7 bonnes raisons de (re)découvrir la Tunisie

Texte par

Lauren Keith (traduit de l'anglais par Vincent Guilluy)

Mis à jour le : 25 novembre 2019

Carte

Quand le mercure grimpe et que les stations balnéaires de la côte méditerranéenne font le plein, il reste un endroit où on peut encore trouver un bout de plage sans les foules, se promener seul parmi des ruines romaines, et découvrir dans la même journée les sables du Sahara et celui d’une plage.

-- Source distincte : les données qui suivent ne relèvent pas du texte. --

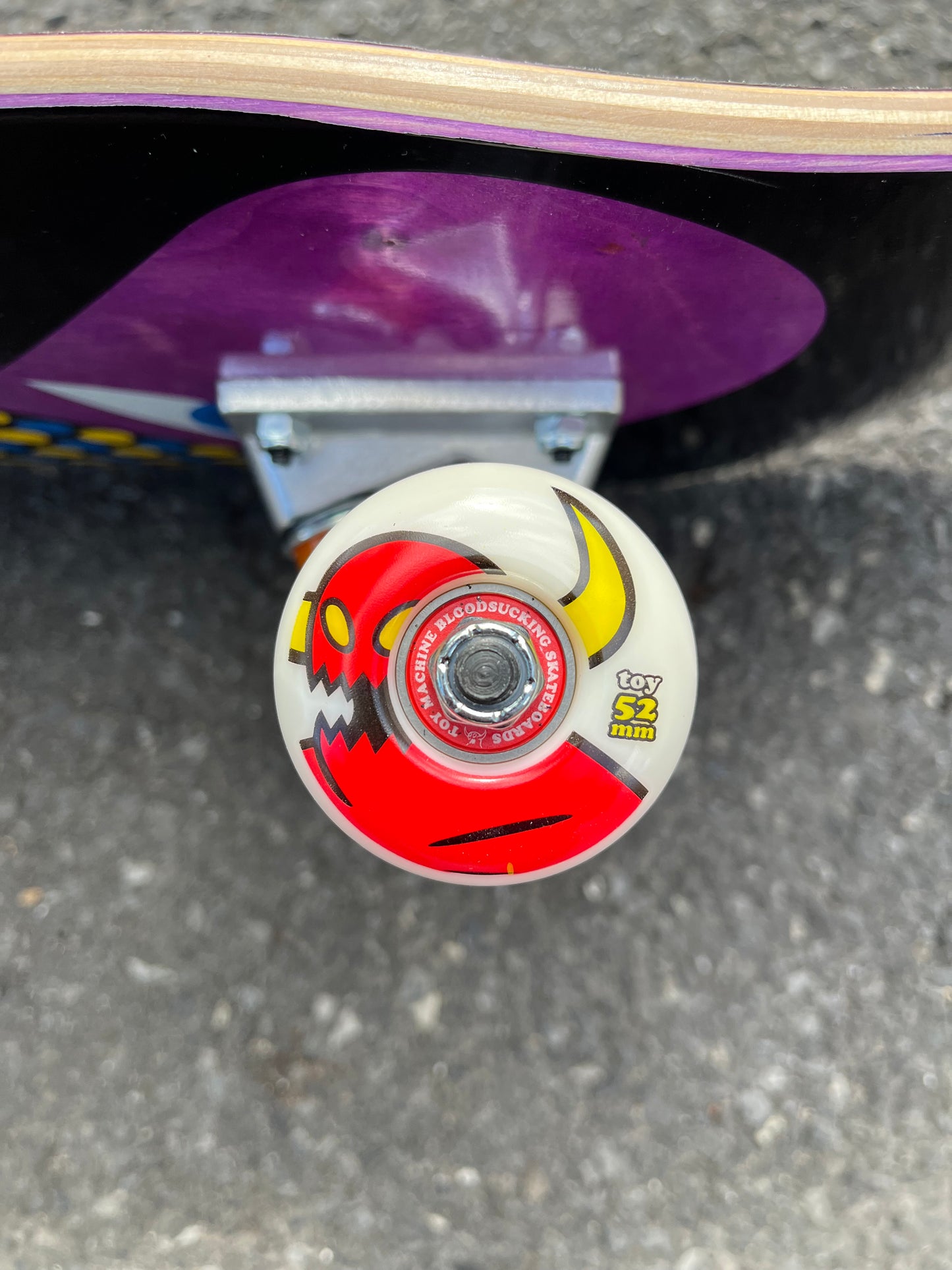 TOY MACHINE - PILLS BLACK COMPLETE - 8.25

La Tunisie réclame les touristes. Le plus petit pays d’Afrique du Nord est souvent resté dans l’ombre de ses voisins, et dans celle de sa propre histoire. L’industrie touristique du pays s’est effondrée en 2015 à cause d’une série d’attaques terroristes, alors qu’elle était déjà mal en point après les révolutions du Printemps Arabe de 2011. Après une révision de sa politique sécuritaire, le Bureau des Affaires étrangères et du Commonwealth britannique a assoupli ses recommandations pour visiter le pays en juillet 2017, puis en juin de l’année dernière.
Lonely Planet est revenu en Tunisie pour la première fois depuis près de dix ans, a mis à jour toutes ses informations sur le pays et l'a même classé dans son Best of 2020. Ce que nous avons vu nous a épaté. La Tunisie se cache à la vue de tous, et reste ignorée de beaucoup de touristes. Voilà pourquoi nous pensons qu’il est temps d’y retourner.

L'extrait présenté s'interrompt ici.